Effective Guide to Delegating your task with Virtual Assistants as a Start-up Business owner

Every entrepreneur faces a time in his life where the business tasks become too impossible to be handled by an individual hand. The success of every entrepreneur depends on his/her ability to prioritize and therefore at some point it becomes a habit to hire a helping hand, which will take care of low priority tasks so that the entrepreneur can handle the high priority work and take the business ahead.

Entrepreneurs who try to tackle everything on their own from responding to emails, attending meetings, updating social media account to handling clients end up working poorly on all these tasks. Therefore, to enable each task to be performed well, he/she must acquaint him/herself with the art of delegation. In such a situation, it is important to know the tasks that need to be delegated to a virtual assistant.

In every manager’s workload—particularly new managers—there are likely tasks that you should do and tasks that you should delegate.

Career and business strategist Jenny Blake recommends conducting an audit of your tasks using the rules below to find out which of your tasks should be delegated:

  • Small: Small tasks are little things that only take a small amount of time to complete but add up over time. These might be things a personal assistant could do: scheduling meetings, booking flights for business trips, or deleting spam/marketing emails from your inbox.

  • Tedious: Tedious tasks are mindless tasks, such as copying and pasting lead information from your marketing automation tool to your CRM. Tedious tasks require tiny skills and can be easily delegated.

  • Time-consuming: Time-consuming tasks are opportunities to break work into smaller chunks and delegate parts of the work to others. If you perform a task regularly that takes a lot of time, look for opportunities to hand off segments of that task to others.

  • Teachable: Do you have tasks on your plate that you could easily teach someone else to complete? If a task is entirely teachable—if it does not require expertise that only you can provide—it’s a worthwhile candidate for task delegation.

  • Terrible at: Maybe you have no design skills, so it takes you six times as long to create graphics for your blog posts as it would a professional designer. It’s better to delegate that task to someone who’s more equipped to do the work fast and well.

  • Time-sensitive: Maybe it would be better if you handled all of the tasks belonging to a time-sensitive project, but if you won’t have time to complete it doing it all on your own, it’s time to find ways to delegate parts of that task to other members of your team.

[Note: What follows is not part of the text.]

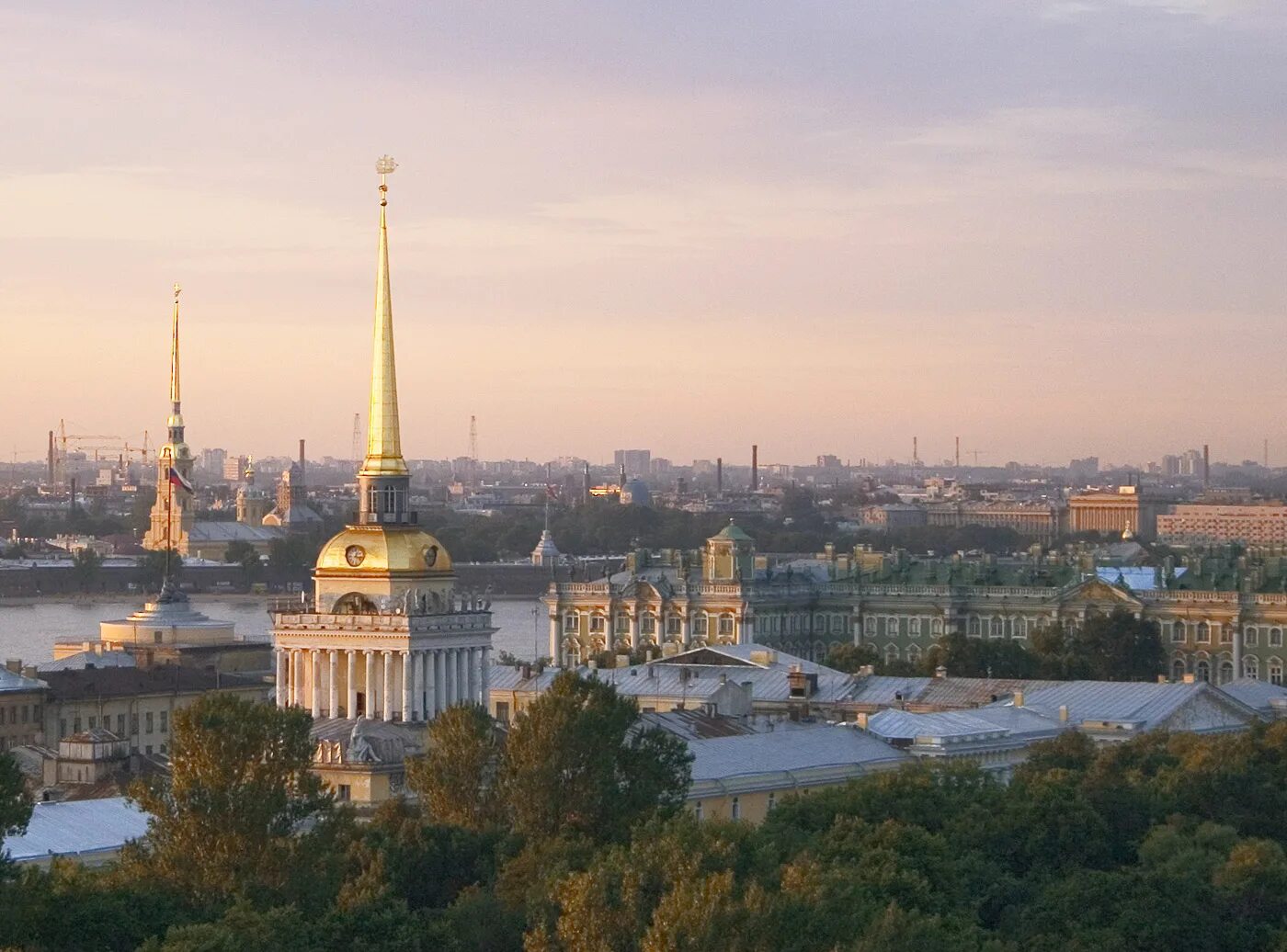 Шпиль Адмиралтейства в Санкт-Петербурге. Шпиль Адмиралтейства в Санкт-Петербурге фото. Шпиль Адмиралтейство Петербург днем. Кораблик на шпиле Адмиралтейства.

Additionally, you may need to consider delegating tasks you love doing but are no longer part of your job.

If you recently moved into a leadership role, you may have pet projects from your days as an individual contributor, but if it’s now someone else’s job to complete those tasks, it’s time to delegate and teach that assistant how to do it for you.

How to Delegate Tasks Effectively

Here are a few tips to help you delegate effectively so that your team shares the workload and makes progress that benefits everyone.

1. Choose the right person for the task

2. Explain why you’re delegating

3. Provide the right instructions

4. Provide resources and training

5. Delegate responsibility *and* authority

6. Check the work and provide feedback

7. Say thank you

The Benefits of Learning to Delegate

If you delegate well, you can increase trust and commitment with your staff, improve productivity, and make sure the right people are performing the tasks that best suit them.